Irvine police said McCoy, 37, of Irvine, posed as a deliveryman with a package on March 26, 1990, and persuaded the child, who had stayed home sick, to open the door to her apartment in University Town Center.
Police said they found evidence linking the crime to McCoy, who lived in the same apartment complex as the girl, when they searched his apartment. Police said they found clothes belonging to the victim and a stained sheet believed to be from the attack. Also, the girl identified him from a photo.
Included in evidence seized from McCoy’s apartment was a book entitled “How to Assert an Insanity Defense.”
The prosecutor, Debbie Lloyd, was unavailable for comment Friday night.
In an interview with The Times at the Orange County Jail in March, 1990, McCoy proclaimed, “I am not guilty,” and asserted that “whoever did this was an animal.”
McCoy acknowledged in that interview that he was suffering psychological problems recently, but said they were linked to a drug prescribed for stress, adding that “I’m a danger to no one.”
At a competency hearing in November, a psychiatrist testifying for the defense said McCoy was suffering from manic depression and hallucinations.
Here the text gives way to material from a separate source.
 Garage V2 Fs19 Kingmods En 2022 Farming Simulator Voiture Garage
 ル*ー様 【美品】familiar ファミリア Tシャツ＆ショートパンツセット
But another psychiatrist for the prosecution testified that he was competent, and a jury agreed.
Irvine police said that they believe McCoy used his police training to stalk the child, commit the crime and then try to hide it.
McCoy, a former Sunday school teacher and divorced father of three children, joined the Beverly Hills Police Department as a part-time reserve officer in 1976. He became a full-time officer in 1978, only to be fired seven months later. Beverly Hills police refused to disclose the reason for the dismissal, but McCoy said it was because of a disability from an off-duty motorcycle accident.
After that, he worked at various investment companies as a broker from 1986 to 1989.
McCoy’s wife filed for divorce in 1989. She alleged in court documents that her husband had “psychotic” mental problems. His former roommate also said McCoy suffered severe mood swings.